Takie wnioski płyną z rekomendacji Ministerstwa Edukacji w sprawie rządowego programu „Cyfrowa szkoła", które w ostatnim czasie trafiły do marszałków województw.
Źródłem finansowania tego programu mają być regionalne programy operacyjne. W swoich wytycznych resort edukacji pisze o celach, które mają być osiągnięte do 2020 r. (do tego roku sięga obecny wieloletni budżet UE).
Zgodnie z nimi do tego czasu szkoły będą musiały m.in. zapewnić uczniom, zależnie od wielkości placówki, jeden lub dwa zestawy komputerów przenośnych, szerokopasmowy dostęp do internetu oraz salę lekcyjną, która będzie przystosowana do prowadzenie zajęć z wykorzystaniem nowych technologii.
Kiedy program miałby ruszyć? Tego nie wiadomo.

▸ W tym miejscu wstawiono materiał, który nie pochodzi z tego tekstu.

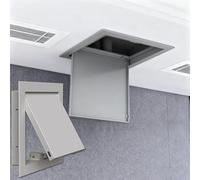 Trampilla Pladur Puertas De Inspección, Pestillo De Tapa De Tapa De Tapa De Inspección con Marco De Aluminio, Puerta De Servicio Interior/exterior, Presionar para Abrir(Gray,30x30cm(11.8x11.8in))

Z informacji, jakie przekazała nam Justyna Sadlak z wydziału informacji MEN, wynika, że sprawa rozbija się o negocjacje z Komisją Europejską w sprawie podziału unijnych funduszy.
„Z uwagi na konsultacje regionalnych programów operacyjnych szczegółowe informacje o kierunku wsparcia, sposobie dystrybucji środków europejskich i ich wysokości nie są jeszcze ostatecznie znane. Proces uzgadniania treści programów krajowych i regionalnych potrwa prawdopodobnie do końca 2014 roku, co może oznaczać, że dystrybucja środków nastąpi od 2015 roku" – napisała Sadlak.